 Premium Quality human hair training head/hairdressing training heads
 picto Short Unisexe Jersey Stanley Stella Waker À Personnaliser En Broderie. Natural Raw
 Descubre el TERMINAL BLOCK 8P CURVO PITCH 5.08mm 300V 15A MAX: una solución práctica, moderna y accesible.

::::

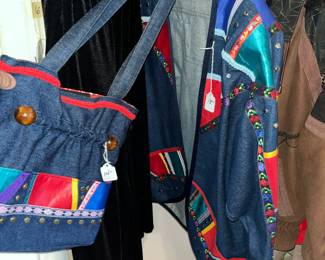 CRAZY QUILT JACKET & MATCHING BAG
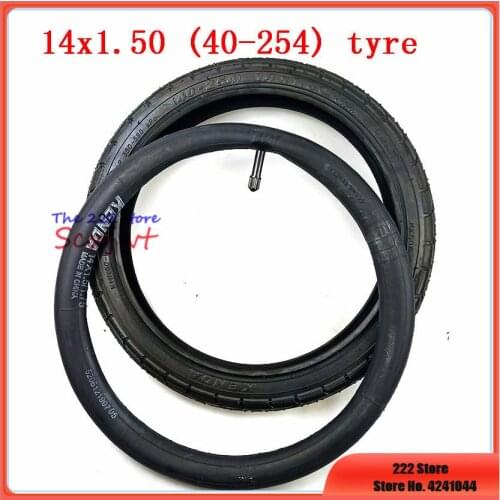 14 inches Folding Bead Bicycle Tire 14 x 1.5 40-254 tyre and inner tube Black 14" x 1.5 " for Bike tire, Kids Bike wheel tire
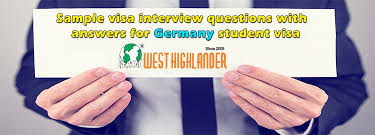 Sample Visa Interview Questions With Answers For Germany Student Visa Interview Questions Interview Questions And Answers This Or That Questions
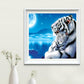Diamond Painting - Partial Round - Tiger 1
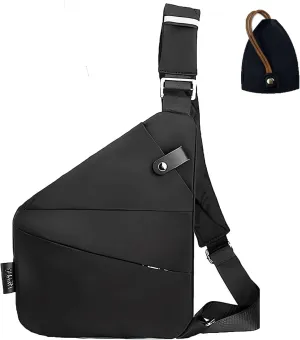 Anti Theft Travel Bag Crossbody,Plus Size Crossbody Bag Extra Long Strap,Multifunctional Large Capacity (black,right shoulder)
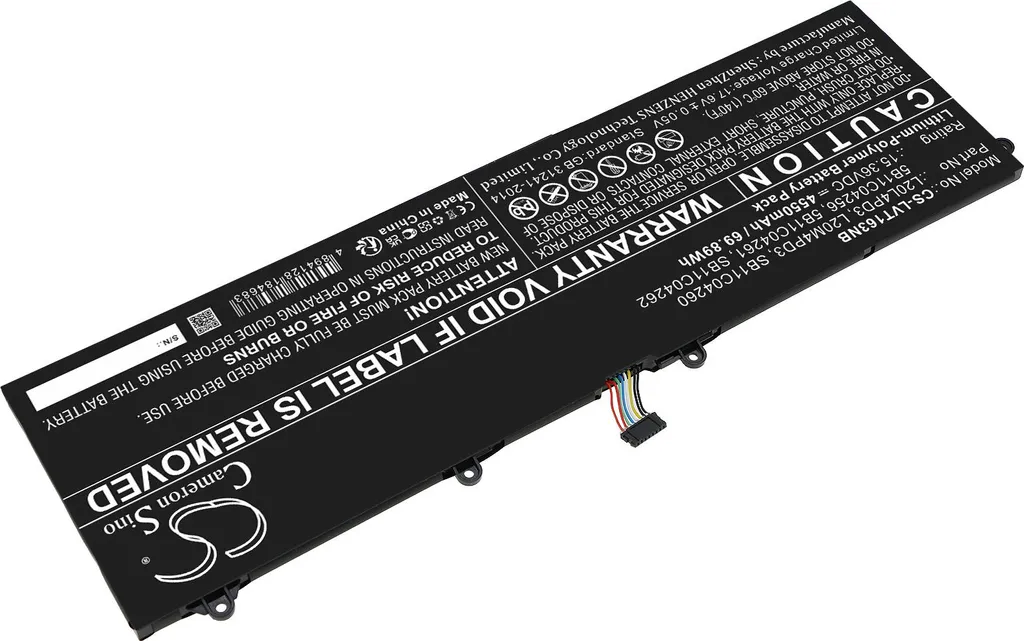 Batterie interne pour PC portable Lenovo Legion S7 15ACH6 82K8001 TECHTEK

::::

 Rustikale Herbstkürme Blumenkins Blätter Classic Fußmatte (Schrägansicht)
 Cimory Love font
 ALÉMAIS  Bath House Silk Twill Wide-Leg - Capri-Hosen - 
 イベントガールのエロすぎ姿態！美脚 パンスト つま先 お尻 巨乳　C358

::::

→ **WHAT NEEDS TO BE DONE**:
Write out, from the lines above, only those from the line with "Premium Quality human" to the line with "picto Short Unisexe", exactly as given, including the first and the last.

→ **OUTPUT FOR THIS EXERCISE**:
 Premium Quality human hair training head/hairdressing training heads
 picto Short Unisexe Jersey Stanley Stella Waker À Personnaliser En Broderie. Natural Raw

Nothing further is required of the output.